The rapid development of cloud techniques like Vehicle-to-Cloud (V2C) makes it possible to gather more information and develop computationally efficient energy management systems (EMS) for electric vehicles. This paper proposes a novel EMS with low computational cost targeting hybrid battery/ultracapacitor electric buses to reduce energy consumption and battery life degradation. In the offline training process, by applying the K-means clustering method with 10 selected features, 16 typical driving conditions are classified. For each driving condition, dynamic programming is employed offline to generate global optimal results, which are then used in control rule extraction for online operation. During the online operation, the proposed EMS executes the designed driving pattern recognition algorithm with V2C assistance to select optimal control rules. The simulation results indicate that the proposed EMS effectively decreases the battery degradation and energy consumption cost by 13.89%, compared with the conventional rule-based strategy. In addition, it is shown that V2C assistance leads to a 6.81% lower cost.

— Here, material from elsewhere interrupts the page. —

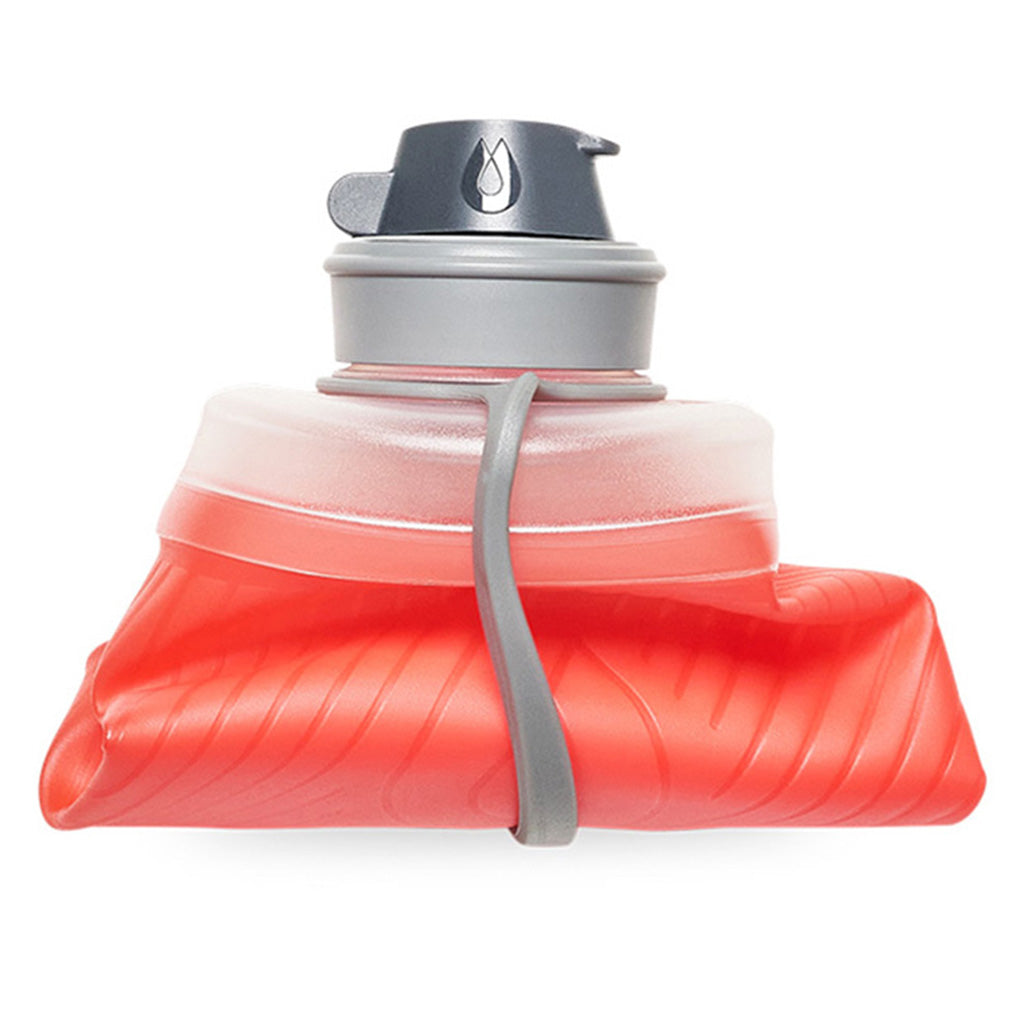 Rolled-up Hydrapak Flux 750ml Redwood bottle demonstrating its packability.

Besides, the robustness of the proposed EMS is validated by testing the EMS with highly randomized input with uncertainties up to 15% and long duration of V2C data packet loss up to 10 s.

Suggested Citation

  • Shi, Junzhe & Xu, Bin & Shen, Yimin & Wu, Jingbo, 2022. "Energy management strategy for battery/supercapacitor hybrid electric city bus based on driving pattern recognition," Energy, Elsevier, vol. 243(C).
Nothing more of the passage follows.